O pequeno rapaz estava a todo tempo gritando por desejar retornar ao lugar quentinho e aconchegante de onde ele estava, e veja bem leitor, não o julgo como louco. Afinal, quem em pleno uso de suas faculdades mentais gostaria de estar numa sala fria, em um local desconhecido e completamente distinto de tudo aquilo que já viu antes?

Ora bolas, somos apenas crianças! Se não recebíamos nem mesmo após o nascimento o devido respeito, que espécie de mundo é esse?

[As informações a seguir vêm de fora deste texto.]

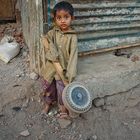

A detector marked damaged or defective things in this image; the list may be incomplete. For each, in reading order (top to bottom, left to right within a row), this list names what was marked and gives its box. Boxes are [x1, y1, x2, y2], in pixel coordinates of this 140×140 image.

rusted metal panel [0, 0, 16, 20]
rusted metal panel [45, 0, 140, 52]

Ingênuo pensamento de um recém-nascido, estávamos em um dos melhores locais do mundo, sob os cuidados de pessoas que apenas desejavam cuidar de nossos indefesos corpos e nos nutrir enquanto não podíamos ir aos braços de nossas mães por conta própria. Mas nós homens somos um retrato do recém-nascido, por não compreender a realidade que me cerca, acabo por me tornar um escravo daquilo que meus sentimentos e visão deslumbrada consegue observar sem ao menos compreender a

totalidade e a grandeza daquilo que me envolve com todo o cuidado e carinho do mundo.

Após um longo período na maternidade - e não me perguntem o porquê, afinal, eu era apenas um bebê e já disse isso antes - voltei para casa nos braços de minha mãe, e nunca me senti tão bem assim.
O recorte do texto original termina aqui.